Your task: An exact transcription of all the data is required, with every image removed.

----

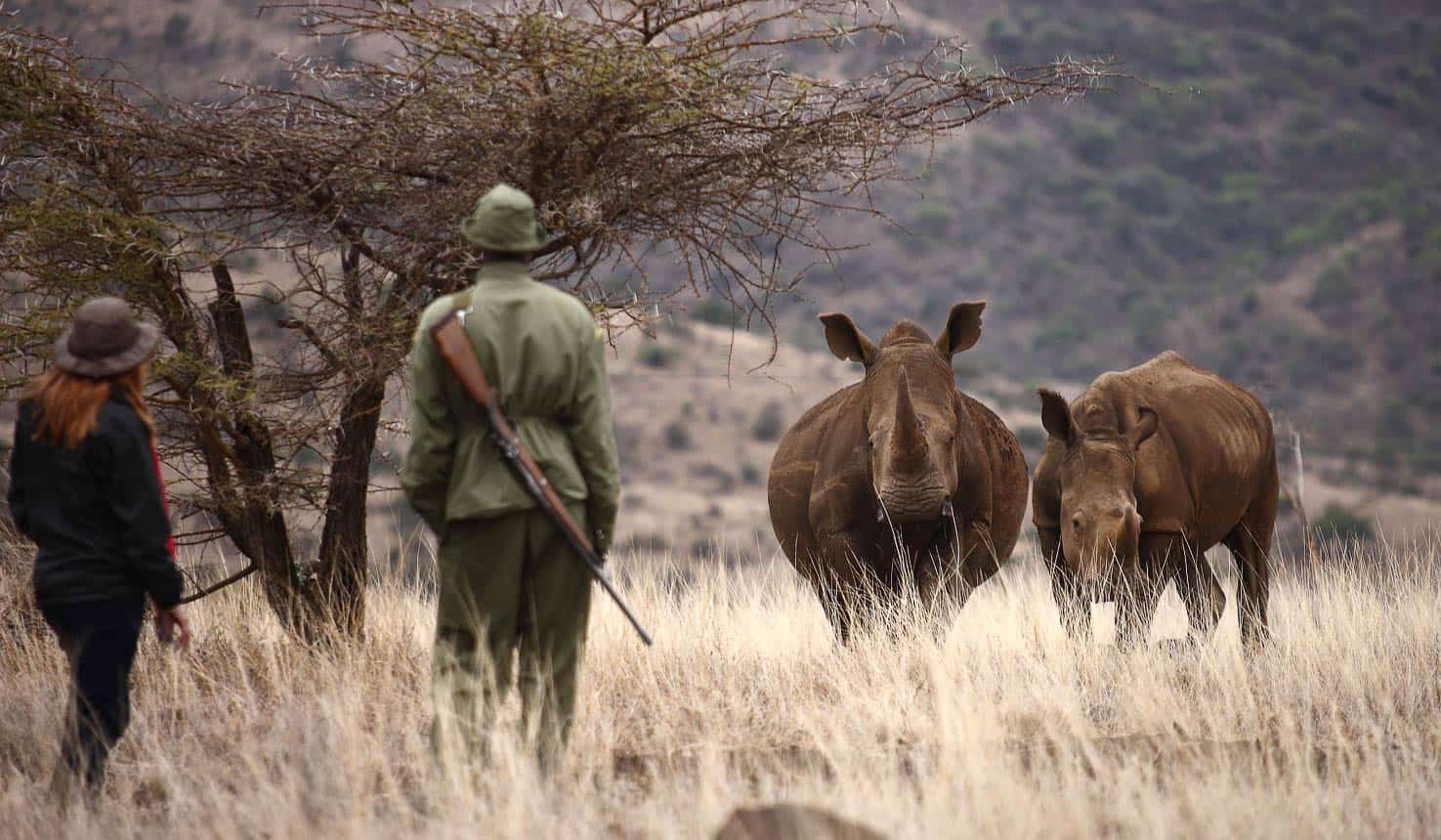 Rhinos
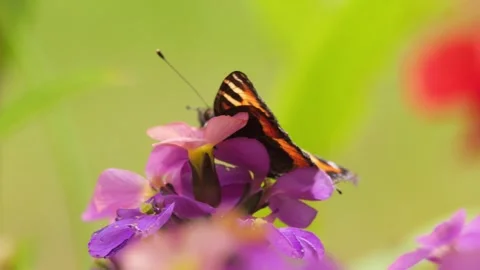 Small tortoiseshell butterfly pollinating purple flower Stock Footage 337741969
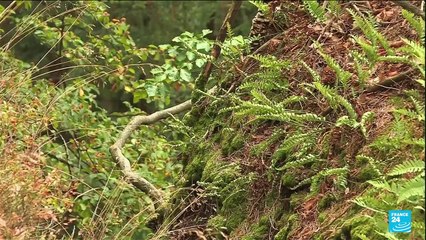 French 'Golden Owl' treasure hunt ends after 31 years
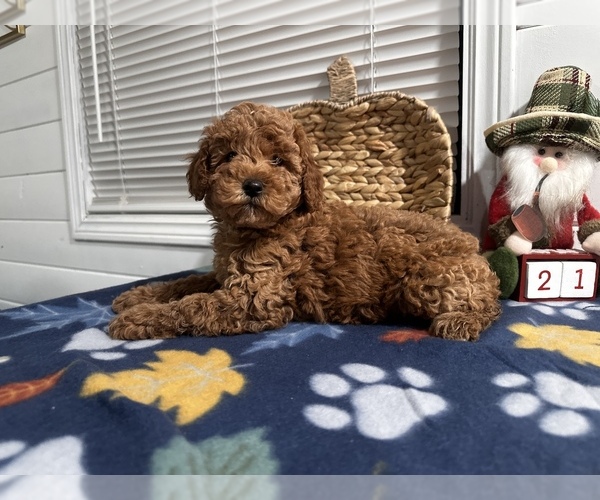 Medium Photo #1 Poodle (Toy) Puppy For Sale in WESTMINSTER, CA, USA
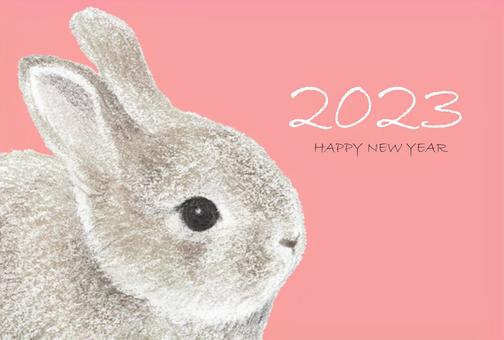 Next to the New Year's card of the 2023 rabbit up, , JPG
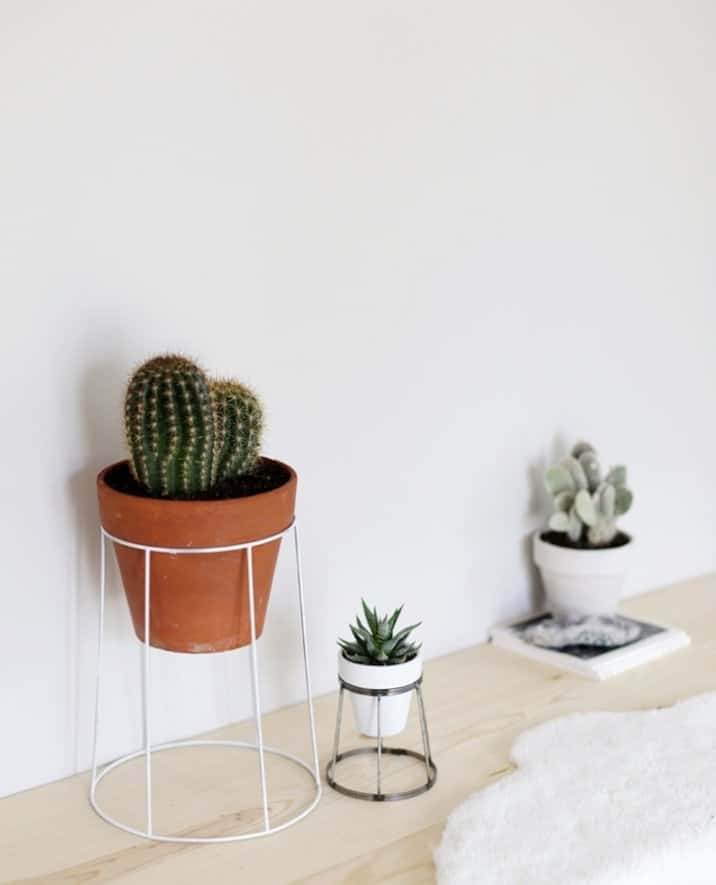 Pot Plant Stand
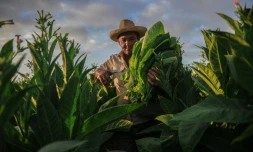 Un paysan cubain récolte des feuilles de tabac dans une plantation de San Juan y Martinez, le 24 février 2018 à Pinar del Río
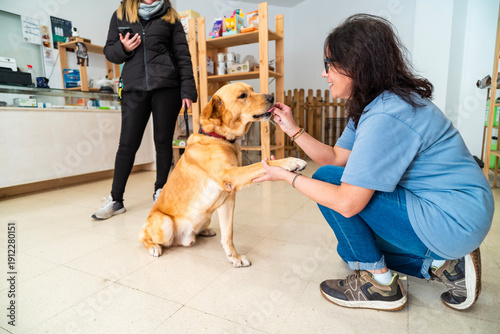 Konstfotografi Woman treating dog at pet shop or veterinary clinic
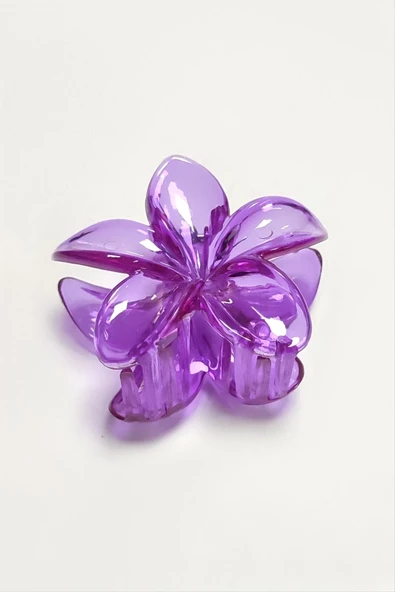 Lotus Toka 8 cm - Resim 2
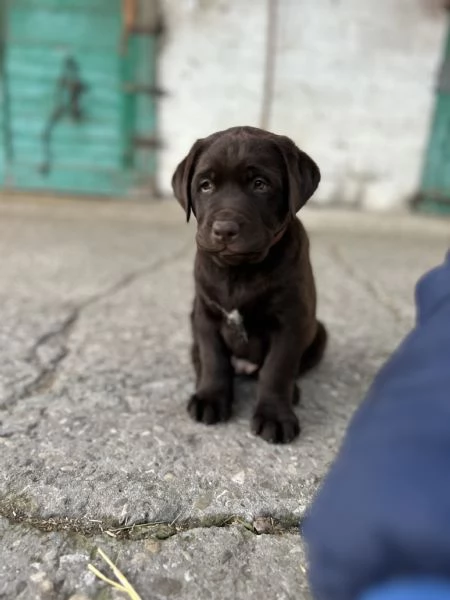 Labrador Cioccolato con pedigree  | Foto 1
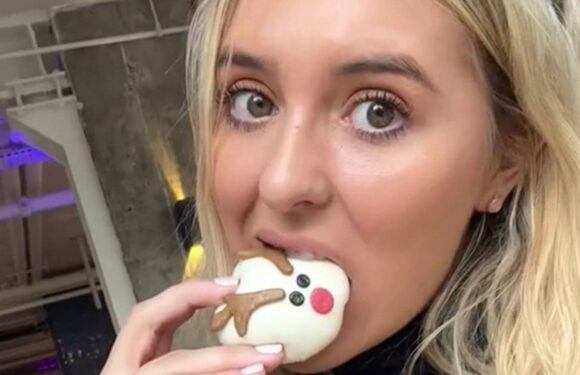 I’m a foodie, everything to look out for at M&S this Christmas from festive Colin the Caterpillars to Percy Pig slushies | The Sun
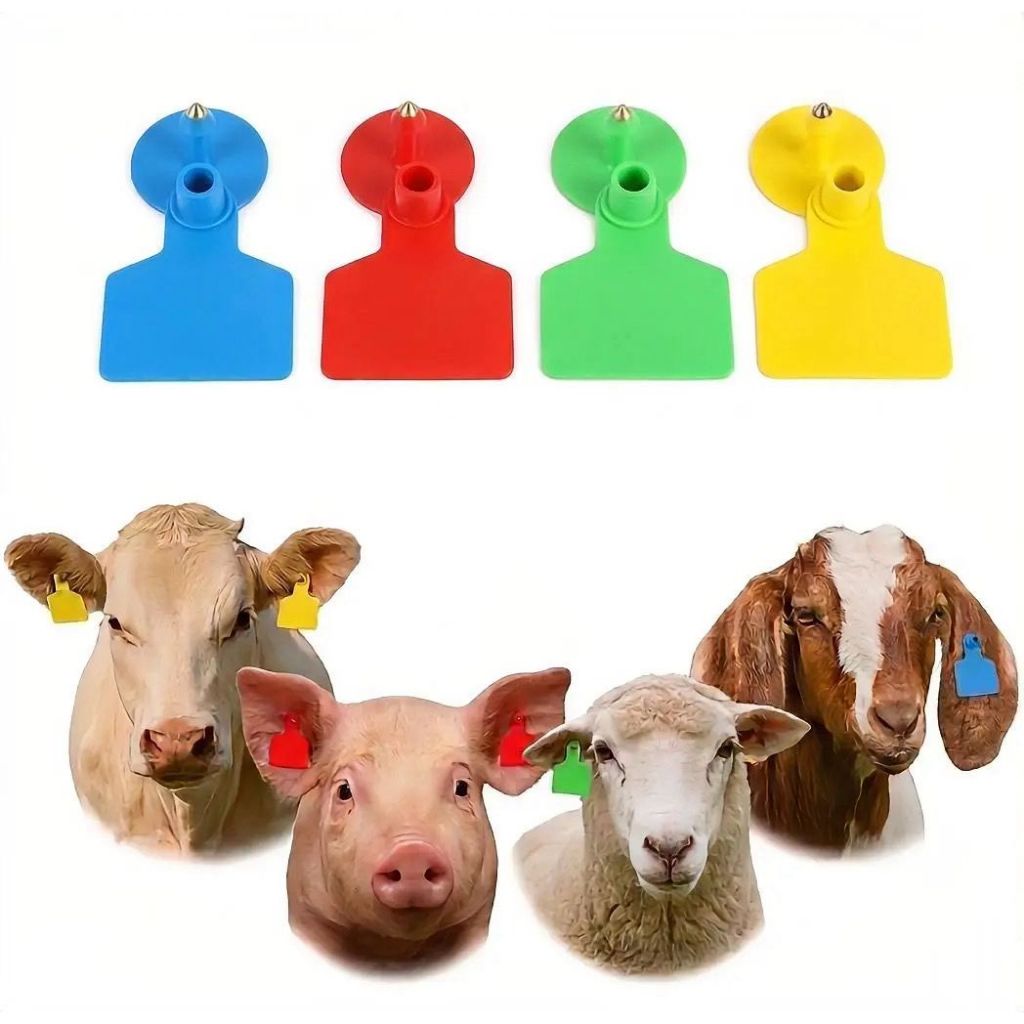 Kit 50 Brincos Identificador Gado Bezerro Porco Ovelha Liso Ou Laser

----

Output of the task:
 Rhinos
 Small tortoiseshell butterfly pollinating purple flower Stock Footage 337741969
 French 'Golden Owl' treasure hunt ends after 31 years
 Medium Photo #1 Poodle (Toy) Puppy For Sale in WESTMINSTER, CA, USA
 Next to the New Year's card of the 2023 rabbit up, , JPG
 Pot Plant Stand
 Un paysan cubain récolte des feuilles de tabac dans une plantation de San Juan y Martinez, le 24 février 2018 à Pinar del Río
 Konstfotografi Woman treating dog at pet shop or veterinary clinic
 Lotus Toka 8 cm - Resim 2
 Labrador Cioccolato con pedigree  | Foto 1
 I’m a foodie, everything to look out for at M&S this Christmas from festive Colin the Caterpillars to Percy Pig slushies | The Sun
 Kit 50 Brincos Identificador Gado Bezerro Porco Ovelha Liso Ou Laser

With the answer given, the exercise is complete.